Zaev said the FYROM government was doing its best to come to an internal consensus in the country to find a final solution, assuring citizens that dignity and identity were an indispensable part of the negotiations with Greece.

The prime minister said he was optimistic a solution would be found soon.

"I'm glad that essentially all open issues have been dissected. Having been launched with seven starting positions, I know now that they have been reduced to four positions, meaning three have been settled. I believe in the policy of the new government that the remaining positions will be settled soon," Zaev told reporters.

He also voiced hope that the next steps would harmonize the two countries' positions on the remaining outstanding issues.

"Our positions should serve as a bridge of unity and towards finding a solution to the issue of Greece with our constitutional name," Zaev said.

"Understandably, the key positions are vital, for example the name, the constitution -- whether it is going to be changed or not, the language, and other matters that have been mentioned.

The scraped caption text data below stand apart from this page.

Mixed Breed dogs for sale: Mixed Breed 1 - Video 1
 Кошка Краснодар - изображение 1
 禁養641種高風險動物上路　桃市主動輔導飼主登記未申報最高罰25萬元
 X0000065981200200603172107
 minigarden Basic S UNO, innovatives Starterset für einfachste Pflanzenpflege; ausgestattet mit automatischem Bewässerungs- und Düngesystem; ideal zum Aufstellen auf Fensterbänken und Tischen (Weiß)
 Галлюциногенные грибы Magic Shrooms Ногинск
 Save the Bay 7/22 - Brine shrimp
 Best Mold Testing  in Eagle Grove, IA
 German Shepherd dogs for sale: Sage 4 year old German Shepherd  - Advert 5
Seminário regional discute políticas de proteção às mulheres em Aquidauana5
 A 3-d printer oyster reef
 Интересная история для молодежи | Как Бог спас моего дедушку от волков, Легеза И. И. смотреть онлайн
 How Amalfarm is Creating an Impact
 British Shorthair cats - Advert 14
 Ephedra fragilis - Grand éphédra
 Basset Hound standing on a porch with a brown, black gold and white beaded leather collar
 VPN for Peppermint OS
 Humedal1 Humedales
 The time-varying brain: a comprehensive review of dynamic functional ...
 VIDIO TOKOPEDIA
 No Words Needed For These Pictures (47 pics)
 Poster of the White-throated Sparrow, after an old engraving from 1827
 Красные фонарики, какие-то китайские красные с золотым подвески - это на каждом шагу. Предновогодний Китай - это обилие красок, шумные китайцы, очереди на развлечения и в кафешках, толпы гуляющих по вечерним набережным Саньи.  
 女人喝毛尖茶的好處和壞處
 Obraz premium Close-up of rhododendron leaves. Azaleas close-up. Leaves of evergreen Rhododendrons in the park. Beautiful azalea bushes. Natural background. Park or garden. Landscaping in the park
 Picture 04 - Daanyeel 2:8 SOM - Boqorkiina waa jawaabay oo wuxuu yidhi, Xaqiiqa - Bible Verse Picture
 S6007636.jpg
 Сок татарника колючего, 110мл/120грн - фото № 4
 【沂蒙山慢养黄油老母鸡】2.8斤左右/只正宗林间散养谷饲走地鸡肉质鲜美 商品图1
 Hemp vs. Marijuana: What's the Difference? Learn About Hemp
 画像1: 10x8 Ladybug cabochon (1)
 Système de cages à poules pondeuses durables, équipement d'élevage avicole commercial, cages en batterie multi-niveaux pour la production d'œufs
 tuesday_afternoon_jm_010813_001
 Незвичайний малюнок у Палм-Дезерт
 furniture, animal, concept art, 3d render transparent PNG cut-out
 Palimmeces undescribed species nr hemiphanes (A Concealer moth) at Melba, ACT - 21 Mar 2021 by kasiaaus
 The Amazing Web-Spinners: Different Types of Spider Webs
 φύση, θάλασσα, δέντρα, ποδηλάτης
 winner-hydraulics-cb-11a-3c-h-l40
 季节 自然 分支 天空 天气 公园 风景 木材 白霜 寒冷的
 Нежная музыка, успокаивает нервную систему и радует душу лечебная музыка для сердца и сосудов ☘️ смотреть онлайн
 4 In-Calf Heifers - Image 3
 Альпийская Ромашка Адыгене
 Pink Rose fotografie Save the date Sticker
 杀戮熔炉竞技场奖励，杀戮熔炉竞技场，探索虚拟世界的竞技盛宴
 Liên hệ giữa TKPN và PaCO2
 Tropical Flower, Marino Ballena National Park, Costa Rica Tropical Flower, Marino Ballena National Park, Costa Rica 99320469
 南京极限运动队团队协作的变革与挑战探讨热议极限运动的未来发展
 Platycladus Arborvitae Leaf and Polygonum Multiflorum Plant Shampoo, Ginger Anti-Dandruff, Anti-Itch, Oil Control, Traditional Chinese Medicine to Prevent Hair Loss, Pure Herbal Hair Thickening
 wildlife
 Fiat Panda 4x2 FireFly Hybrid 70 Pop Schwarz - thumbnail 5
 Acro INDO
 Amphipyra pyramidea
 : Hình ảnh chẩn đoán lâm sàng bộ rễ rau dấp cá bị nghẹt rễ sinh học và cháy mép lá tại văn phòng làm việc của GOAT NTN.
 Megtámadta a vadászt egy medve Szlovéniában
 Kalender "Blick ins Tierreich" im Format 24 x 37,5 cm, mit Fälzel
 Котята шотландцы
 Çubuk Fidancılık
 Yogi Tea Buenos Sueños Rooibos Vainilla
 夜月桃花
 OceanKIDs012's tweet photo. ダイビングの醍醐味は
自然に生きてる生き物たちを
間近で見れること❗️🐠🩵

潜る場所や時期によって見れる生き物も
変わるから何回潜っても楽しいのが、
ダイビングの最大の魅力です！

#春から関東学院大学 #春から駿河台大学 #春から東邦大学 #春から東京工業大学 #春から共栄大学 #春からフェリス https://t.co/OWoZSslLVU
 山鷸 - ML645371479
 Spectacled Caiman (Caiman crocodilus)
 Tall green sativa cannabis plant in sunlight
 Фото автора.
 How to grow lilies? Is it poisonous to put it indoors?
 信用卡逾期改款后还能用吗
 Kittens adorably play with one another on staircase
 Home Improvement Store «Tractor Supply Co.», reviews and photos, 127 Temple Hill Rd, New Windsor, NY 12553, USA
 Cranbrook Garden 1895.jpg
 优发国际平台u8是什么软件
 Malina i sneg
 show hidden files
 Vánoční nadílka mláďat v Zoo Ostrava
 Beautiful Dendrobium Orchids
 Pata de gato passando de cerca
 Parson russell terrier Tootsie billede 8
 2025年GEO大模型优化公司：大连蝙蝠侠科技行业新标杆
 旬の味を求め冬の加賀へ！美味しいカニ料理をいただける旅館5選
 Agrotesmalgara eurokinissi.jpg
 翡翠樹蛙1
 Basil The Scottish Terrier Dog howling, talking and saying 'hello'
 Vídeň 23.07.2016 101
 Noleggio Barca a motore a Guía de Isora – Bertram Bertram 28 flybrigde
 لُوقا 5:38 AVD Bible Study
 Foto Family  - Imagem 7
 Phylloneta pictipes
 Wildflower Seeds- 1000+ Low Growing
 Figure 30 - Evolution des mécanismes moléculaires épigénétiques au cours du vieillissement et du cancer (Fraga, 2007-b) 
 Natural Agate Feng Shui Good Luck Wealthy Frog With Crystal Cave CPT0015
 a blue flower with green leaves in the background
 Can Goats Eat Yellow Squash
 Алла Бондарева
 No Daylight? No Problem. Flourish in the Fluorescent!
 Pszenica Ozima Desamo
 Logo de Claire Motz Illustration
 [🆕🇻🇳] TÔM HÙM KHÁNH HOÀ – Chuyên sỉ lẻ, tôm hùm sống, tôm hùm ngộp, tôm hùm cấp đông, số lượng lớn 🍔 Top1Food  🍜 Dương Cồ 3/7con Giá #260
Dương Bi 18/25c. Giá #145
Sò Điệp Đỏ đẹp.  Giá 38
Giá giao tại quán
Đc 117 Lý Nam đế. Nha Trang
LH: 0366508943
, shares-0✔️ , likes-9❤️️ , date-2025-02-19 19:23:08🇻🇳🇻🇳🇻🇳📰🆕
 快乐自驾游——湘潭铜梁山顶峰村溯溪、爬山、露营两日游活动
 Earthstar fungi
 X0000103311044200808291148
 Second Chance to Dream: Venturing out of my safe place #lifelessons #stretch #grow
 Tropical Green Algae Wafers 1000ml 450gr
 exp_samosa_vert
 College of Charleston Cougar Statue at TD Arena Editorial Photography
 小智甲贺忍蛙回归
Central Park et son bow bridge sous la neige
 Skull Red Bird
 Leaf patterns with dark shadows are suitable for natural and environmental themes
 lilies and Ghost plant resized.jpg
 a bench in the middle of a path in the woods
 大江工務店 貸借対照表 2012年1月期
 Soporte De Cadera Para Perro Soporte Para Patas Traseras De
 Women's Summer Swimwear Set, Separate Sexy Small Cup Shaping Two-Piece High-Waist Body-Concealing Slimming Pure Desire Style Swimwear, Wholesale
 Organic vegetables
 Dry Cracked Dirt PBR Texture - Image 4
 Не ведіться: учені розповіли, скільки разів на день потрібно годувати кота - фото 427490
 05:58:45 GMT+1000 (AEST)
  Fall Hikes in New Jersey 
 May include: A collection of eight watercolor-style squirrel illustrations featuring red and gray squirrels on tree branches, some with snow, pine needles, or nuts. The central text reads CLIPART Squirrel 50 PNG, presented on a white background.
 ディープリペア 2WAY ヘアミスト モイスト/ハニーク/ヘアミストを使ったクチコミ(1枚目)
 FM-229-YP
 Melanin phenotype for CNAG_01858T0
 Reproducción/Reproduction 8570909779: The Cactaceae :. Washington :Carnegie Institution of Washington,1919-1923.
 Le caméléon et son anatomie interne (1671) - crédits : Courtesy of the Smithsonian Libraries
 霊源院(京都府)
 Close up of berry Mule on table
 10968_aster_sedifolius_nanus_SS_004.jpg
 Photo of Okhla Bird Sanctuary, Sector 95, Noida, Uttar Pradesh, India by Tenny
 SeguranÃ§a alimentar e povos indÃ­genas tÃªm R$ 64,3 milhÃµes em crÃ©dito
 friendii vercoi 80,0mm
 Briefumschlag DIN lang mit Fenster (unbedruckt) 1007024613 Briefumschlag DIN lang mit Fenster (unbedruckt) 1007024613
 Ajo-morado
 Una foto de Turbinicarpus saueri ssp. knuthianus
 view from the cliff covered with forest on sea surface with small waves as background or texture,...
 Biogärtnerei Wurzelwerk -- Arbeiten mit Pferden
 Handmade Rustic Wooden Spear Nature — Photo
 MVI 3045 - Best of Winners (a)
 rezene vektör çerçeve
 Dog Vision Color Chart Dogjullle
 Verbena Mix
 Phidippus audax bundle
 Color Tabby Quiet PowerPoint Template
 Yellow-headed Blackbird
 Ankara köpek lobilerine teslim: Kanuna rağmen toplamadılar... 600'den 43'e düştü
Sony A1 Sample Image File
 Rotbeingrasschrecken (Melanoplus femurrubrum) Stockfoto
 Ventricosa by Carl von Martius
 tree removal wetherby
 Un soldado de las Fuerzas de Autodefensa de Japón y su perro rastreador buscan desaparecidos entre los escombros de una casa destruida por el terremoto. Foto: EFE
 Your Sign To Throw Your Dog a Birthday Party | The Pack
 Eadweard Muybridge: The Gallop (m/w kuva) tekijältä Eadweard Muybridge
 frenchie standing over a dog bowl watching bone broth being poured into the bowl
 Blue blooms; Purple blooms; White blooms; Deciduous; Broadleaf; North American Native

It is the essence of the negotiating process itself," the premier said.

The head of government also said he expected the two parties to be pragmatic and for any possible solution to be upheld in a referendum.

To FYROM, solving the name issue with Greece is very important as it is considered the main obstacle to be overcome in order to start negotiations talks for European Union (EU) accession and NATO accession.

The name issue between the two countries has existed since 1992, one year after FYROM declared independence from Yugoslavia and chose the name Macedonia, which is also the name of a northern Greek province.

Athens worries the use of the same name by the neighboring state could lead to territorial claims.